After years getting dinged for splitting up game rights to dizzying effect, bringing everything to one place (on mobile at least; TV would remain somewhat complicated) would change the narrative. With control, the NFL could also prepare for our digital future. The league could develop a football-specific viewing experience that brings together highlights, stats and conversation. It could experiment with new price offerings and even try out fresh announcers.

In so doing, the NFL would be playing catch-up. Operating NBA League Pass (along with Turner Sports, also an AT&T company), the NBA introduced by-quarter purchases this year and tried out a handful of influencer commentators. The very suitors for Sunday Ticket have gone the same way, keeping their content on their own platforms, or going direct-to-consumer in business-speak. “Creating a direct-to-consumer relationship is vital to the future of our media businesses, and it’s our highest priority,” Disney CEO Bob Iger said when acquiring 21st Century Fox.

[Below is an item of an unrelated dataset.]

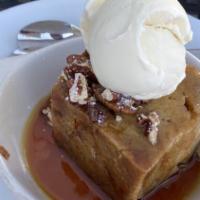 Chef's Pudding · Secret bourbon sauce, pecans & vanilla ice cream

The NFL could make a fortune selling Sunday Ticket to a company looking to build its version of Netflix—or it could try to build its own, optimizing for fan behavior rather than serving another corporation’s roadmap, strengthening its brand and connecting directly with its viewers. Even if the NFL kept the extensive rights for only a couple years, it still would get every fan in the habit of using its app, an invaluable asset.

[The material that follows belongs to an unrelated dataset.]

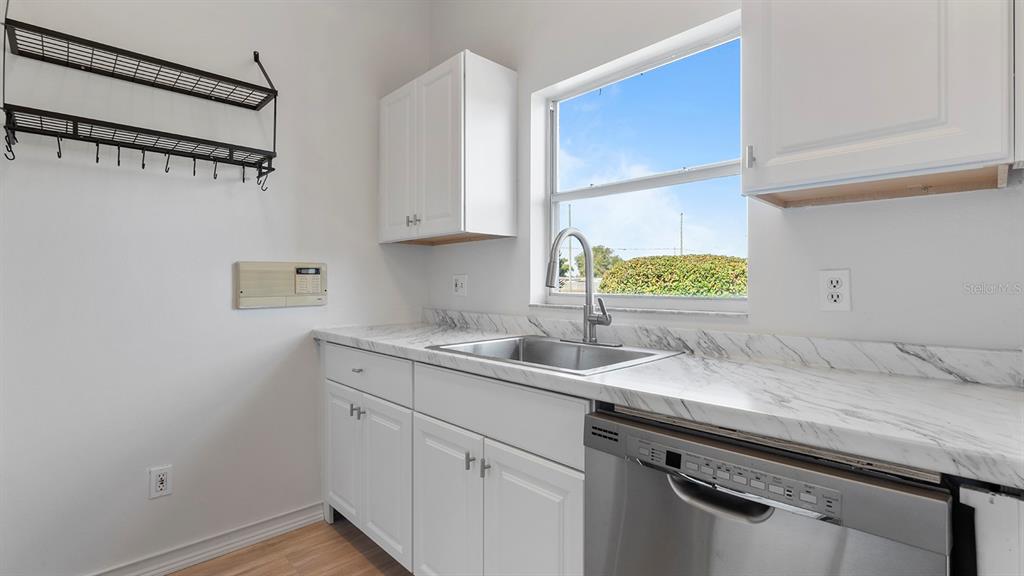 11029 Einbender Road Orlando, FL 32825 - Photo 6 of 27 a kitchen with a sink cabinets and window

Beyond taking a page out of other media behemoths’ playbooks by maintaining content control, the NFL would be following its own precedent, too. In 2006, the NFL created an eight-game Thursday Night Football package. Supposedly headed to Comcast (for its erstwhile Versus channel) for $450 million per season, the games instead stayed home on the nascent NFL Network. The channel now generates over $1 billion each year. Keeping Sunday Ticket would once again require leaving money on the table. That’s a hard thing to do. But as Goodell said in ‘06, “Easier isn’t necessarily what we’re in the business of doing.”

It’s unclear when the NFL will make its decision. In the fall, NFL business reporter Daniel Kaplan wrote that he expected one by the league’s March owners meetings. (It’s worth noting here that the NFL Media Committee is led by Robert Kraft, who has had other things to deal with.) League decision makers have earned a reputation for making decisions based on the bottom line. The NFL did not provide any comment or update on the deliberations. As one source told Byers, "whoever writes the biggest check” will probably win Sunday Ticket, but this is an opportunity for the league to prove it’s thinking differently amid industry shifts. 

As rumors continue to fly about who will buy access to half the league’s games, keep in mind that “no one” remains a viable possibility. While it might be a dark horse, it could be the one to root for.